NEW CLUB FOR OLD LANGAN'S
Notorious restaurateur Peter Langan may have died some 24 years ago this December, but the restaurant that still bears his name, Langan’s, continues to be a social hotspot in Mayfair, with little change to the venue or the menu.
Now, a new chief executive has arrived, Brian Clivaz, who emphasises that though some changes will be made, everything will stay the same – apart from the upstairs room.
“No, we aren’t making any great changes,” he said, “just tweaking the details.” But one of his first acts has been the restoration of murals in the upstairs room that were covered over in one of Peter Langan’s more wanton acts of inebriated vandalism.
Langan had asked noted artist Patrick Proctor to paint Venetian scenes on the walls of the room but took exception to them when he was tired and emotional and immediately had them painted over with brown varnish.
It was thought that there was no hope of restoration, but a small firm recently came up with a secret application that has indeed revealed and restored the paintings to their original splendour.
This attractive room is now being launched as Langan’s late night club, serving drinks and snacks until 2pm. Meantime, in the long restaurant room below, its walls decorated with paintings by former customers, including Bacon, Hockney and Freud, Clivaz intends that food standards will be raised under the appointment of Liam Smith-Laing, formerly at Lat Petite Maison and Petrus, and now the new executive chef.

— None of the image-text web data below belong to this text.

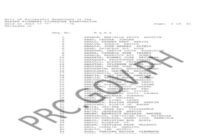 PRC Master Plumber Exam Result July 2026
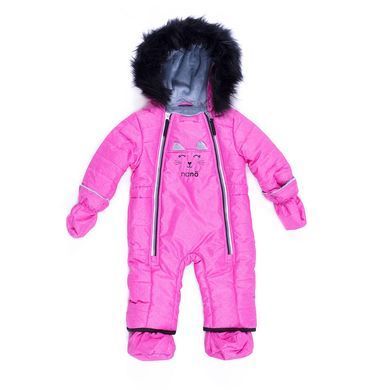 Зимовий комбінезон для дівчинки Nano F19M474 Virtual Pink F19M474 фото
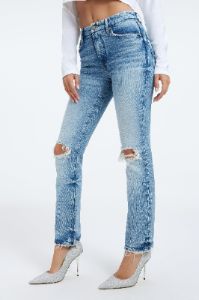 GOOD ICON JEANS | INDIGO345 sold by Good American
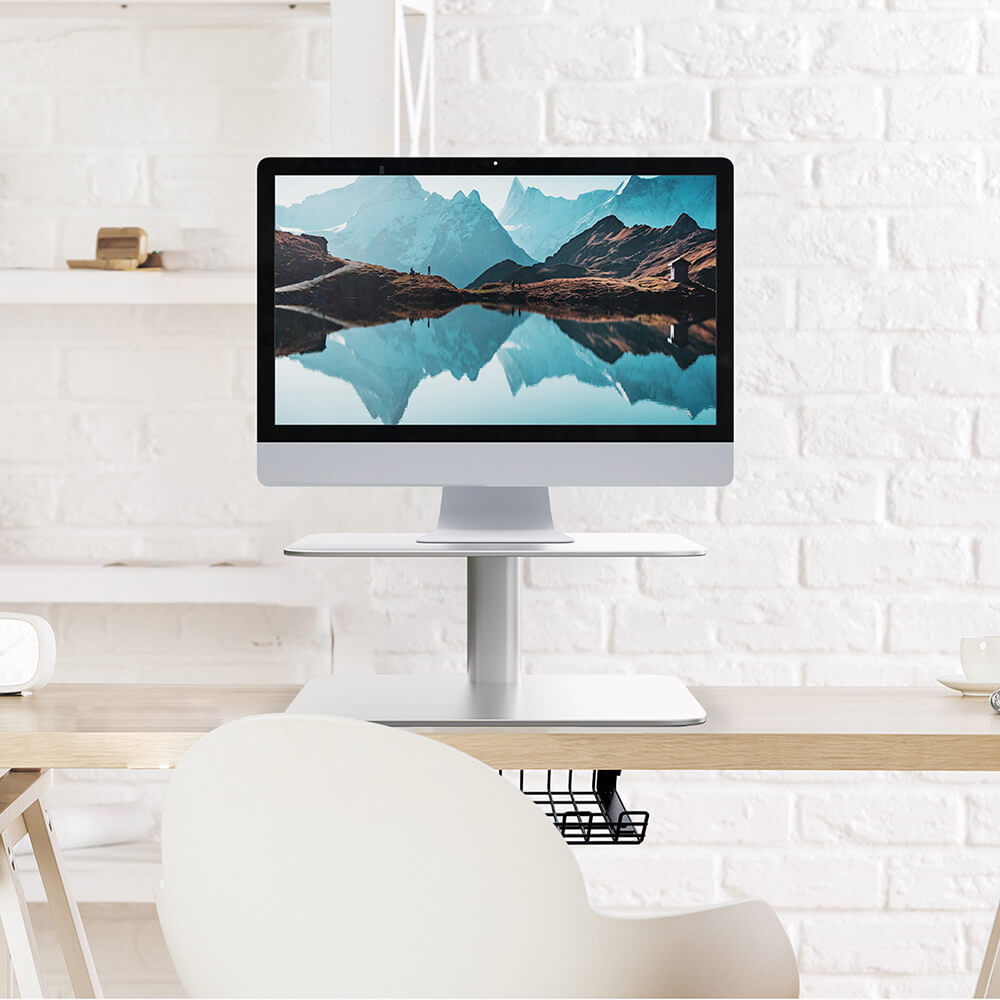 Laptopställ Desire2 Vertikalt Justerbart till Datorskärm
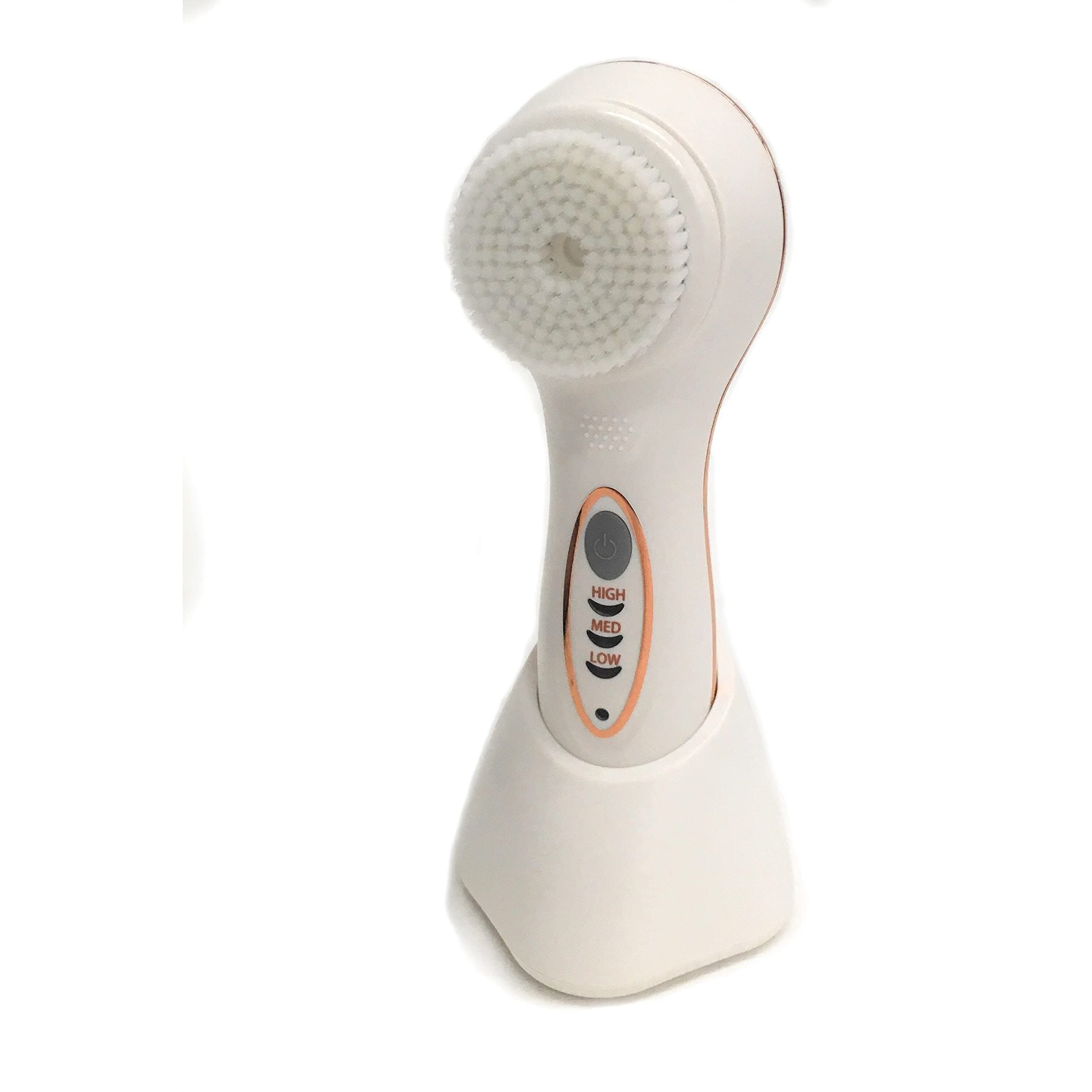 True Glow 30182 Sonic Facial Brush with Pouch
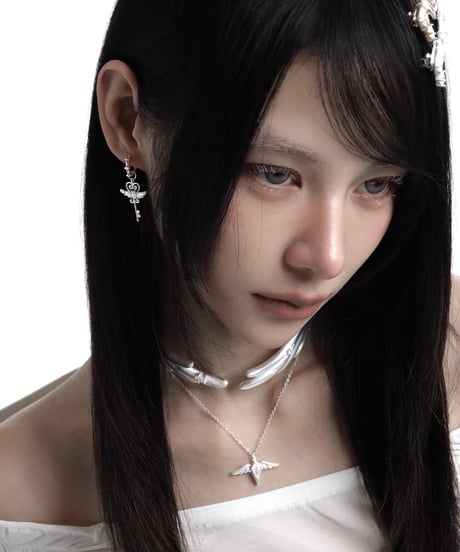 Angel's embrace necklace
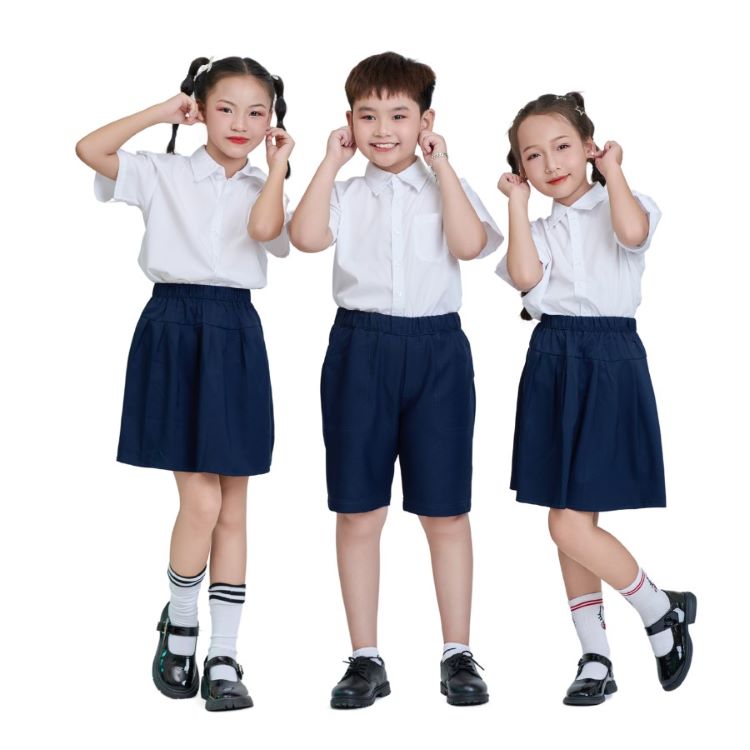 Mẫu áo đồng phục học sinh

At top, ongoing restoration work on the paintings in the Venetian Room. Above, the long restaurant room; and below, new md Brian Clivaz .
The menu, which includes such old favourites as sausages and mash, cod and chips and liver and bacon as well as more gourmet dishes, is a mix of French and English, much the same as when the restaurant started.
Then, in 1976, entrepreneur Peter Langan and actor Michael Caine got together to found the restaurant, joined by Peter Shepherd a year later. Langan was the outrageous front-of-house character, as much in the news as his famous customers; Caine could indulge his interest in fine wines; and Shepherd, one of the first British chefs to achieve a Michelin star in 1974, guaranteed the restaurant’s food quality.
Now Shepherd, who bought out Caine in 1999, has sold his shares in the company but will remain as chairman. Clivaz, who came from being managing director at the Arts Club, and formerly one of the founders of Home House private members club, will oversee the other three restaurants in the group, Odin’s, Langan’s Bistro and Shepherd’s, as well as Langan’s. He has announced that the restaurant will be open for breakfast and all-day dining on Sundays.
It is a testament to Shepherd’s talent, both as a chef and a businessman, that the restaurant has lasted from the dog days of Swinging London to the present.
“I’m really proud that we have kept the business going for 36 years,” he said. “How many restaurants are there which have lasted that length of time?”